Annie PRÉAUX, Disparu d’un trait d’encre, M.E.O, 2022, 188 p., 17 € / ePub : 10,99 €, ISBN : 978-2-8070-0314-9
C’est à une forme de “passe-muraille” que l’autrice Annie Préaux se consacre dans son dernier roman en date, Disparu d’un trait d’encre publié aux Éditions M.E.O.
Le récit ne cesse de couper le fil, de le renouer, de le couper encore, le tout dans le Grand Jeu de la narratrice et du personnage, qui n’est pas un personnage de roman mais son locataire disparu et réapparaissant régulièrement sous la forme… d’un personnage romanesque.
C’est ce chassé-croisé qui tend le récit et offre une lecture de rebonds méditatifs sur la matière romanesque même. C’est également à une réflexion sur le deuil et la projection d’une vie dans l’autre que nous invite le livre.
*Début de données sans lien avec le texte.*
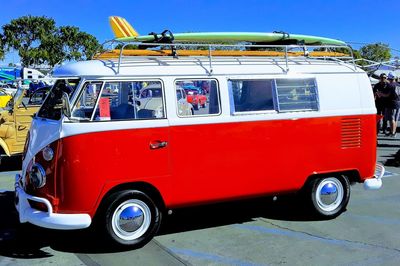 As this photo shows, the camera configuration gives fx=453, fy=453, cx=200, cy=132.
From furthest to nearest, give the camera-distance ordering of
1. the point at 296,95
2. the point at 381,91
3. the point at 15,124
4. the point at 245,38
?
the point at 381,91 < the point at 15,124 < the point at 245,38 < the point at 296,95

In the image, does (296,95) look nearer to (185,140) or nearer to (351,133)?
(351,133)

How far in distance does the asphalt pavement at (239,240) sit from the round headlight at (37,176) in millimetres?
776

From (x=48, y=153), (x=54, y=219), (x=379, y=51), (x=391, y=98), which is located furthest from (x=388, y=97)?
(x=379, y=51)

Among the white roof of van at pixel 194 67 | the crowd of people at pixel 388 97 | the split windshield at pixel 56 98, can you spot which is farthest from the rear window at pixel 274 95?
the crowd of people at pixel 388 97

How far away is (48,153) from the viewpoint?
15.3ft

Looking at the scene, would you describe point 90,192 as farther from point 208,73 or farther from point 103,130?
point 208,73

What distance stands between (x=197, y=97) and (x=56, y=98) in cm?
165

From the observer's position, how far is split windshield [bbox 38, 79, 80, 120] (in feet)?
16.3

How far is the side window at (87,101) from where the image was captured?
15.8ft

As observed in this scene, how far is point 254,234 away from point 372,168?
200cm

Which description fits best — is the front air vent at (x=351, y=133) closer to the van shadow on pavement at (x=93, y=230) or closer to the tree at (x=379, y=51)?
the van shadow on pavement at (x=93, y=230)

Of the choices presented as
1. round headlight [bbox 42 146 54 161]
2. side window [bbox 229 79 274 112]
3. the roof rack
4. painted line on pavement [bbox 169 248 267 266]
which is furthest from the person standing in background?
round headlight [bbox 42 146 54 161]

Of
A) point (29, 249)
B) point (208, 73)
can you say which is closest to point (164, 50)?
point (208, 73)

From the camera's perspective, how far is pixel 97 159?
15.3 ft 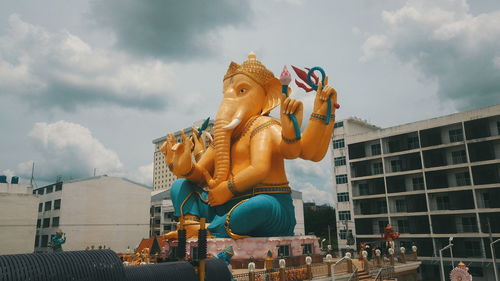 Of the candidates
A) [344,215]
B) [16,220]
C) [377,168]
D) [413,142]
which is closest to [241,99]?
→ [413,142]

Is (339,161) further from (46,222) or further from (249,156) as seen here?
(46,222)

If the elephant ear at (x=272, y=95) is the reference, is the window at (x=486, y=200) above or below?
below

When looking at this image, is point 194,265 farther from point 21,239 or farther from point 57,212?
point 57,212

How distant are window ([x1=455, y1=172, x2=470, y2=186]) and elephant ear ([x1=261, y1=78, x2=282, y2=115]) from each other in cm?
2330

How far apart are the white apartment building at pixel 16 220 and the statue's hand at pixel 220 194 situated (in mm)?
30659

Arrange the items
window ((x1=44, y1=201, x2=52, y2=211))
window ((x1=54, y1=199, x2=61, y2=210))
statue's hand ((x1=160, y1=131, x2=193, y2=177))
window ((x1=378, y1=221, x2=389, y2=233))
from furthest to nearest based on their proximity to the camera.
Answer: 1. window ((x1=44, y1=201, x2=52, y2=211))
2. window ((x1=54, y1=199, x2=61, y2=210))
3. window ((x1=378, y1=221, x2=389, y2=233))
4. statue's hand ((x1=160, y1=131, x2=193, y2=177))

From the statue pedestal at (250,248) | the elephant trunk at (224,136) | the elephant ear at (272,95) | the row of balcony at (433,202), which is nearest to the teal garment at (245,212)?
the statue pedestal at (250,248)

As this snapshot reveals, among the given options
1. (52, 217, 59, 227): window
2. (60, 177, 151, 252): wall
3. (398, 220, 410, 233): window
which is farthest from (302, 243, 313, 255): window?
(52, 217, 59, 227): window

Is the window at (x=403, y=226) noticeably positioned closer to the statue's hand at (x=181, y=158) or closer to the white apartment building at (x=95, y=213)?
the statue's hand at (x=181, y=158)

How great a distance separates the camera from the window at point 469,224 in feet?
115

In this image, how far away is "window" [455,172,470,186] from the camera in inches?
1432

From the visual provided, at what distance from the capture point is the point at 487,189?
34500 millimetres

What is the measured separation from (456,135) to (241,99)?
25.4m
L’écrivaine Aline Esse, à la suite de la disparition inquiétante de l’homme à qui elle avait loué la maison de ses parents décédés, se met à raconter et à creuser la disparition/apparition de cet étrange personnage… `
Les gens aiment assez à dire qu’on pourrait faire un roman de leur vie. Ils sont souvent prêts à vous raconter leurs histoires et d’ailleurs, certains auteurs les y encouragent. Pourquoi pas ? Mais dans ce cas, c’était différent : Alexandre Esse avait envie – besoin? – de se couler dans la peau d’Alexandre Saintclaes, celui qui n’existait au départ que dans mon imagination et qui pourtant lui apparaissait de plus en plus comme un double de lui-même. Il s’était trouvé une sorte de jumeau imaginaire qui l’entraînait en dehors de sa vie. Et à ce moment précis, il ne demandait que ça.
Et voilà Annie Préaux lancée dans une intrigue réaliste et métaphysique à propos de l’identité et ses doubles, ou plutôt, ses anamorphoses.
C’est dans la fracture que l’on reconnaît l’homme, c’est dans la brisure qu’il se dessine à son insu.
En Corée d’abord, puis au Japon, le kintsugi est une technique artistique qui consiste à réparer des poteries en porcelaine ou en céramique avec de la poussière d’or. Les traits et dessins qui apparaissent alors renforcent la beauté unique de chaque pièce. Cette tradition millénaire évoque la réconciliation, la résilience, dit-on aujourd’hui, la renaissance de la même matière mais tissée d’autres signes.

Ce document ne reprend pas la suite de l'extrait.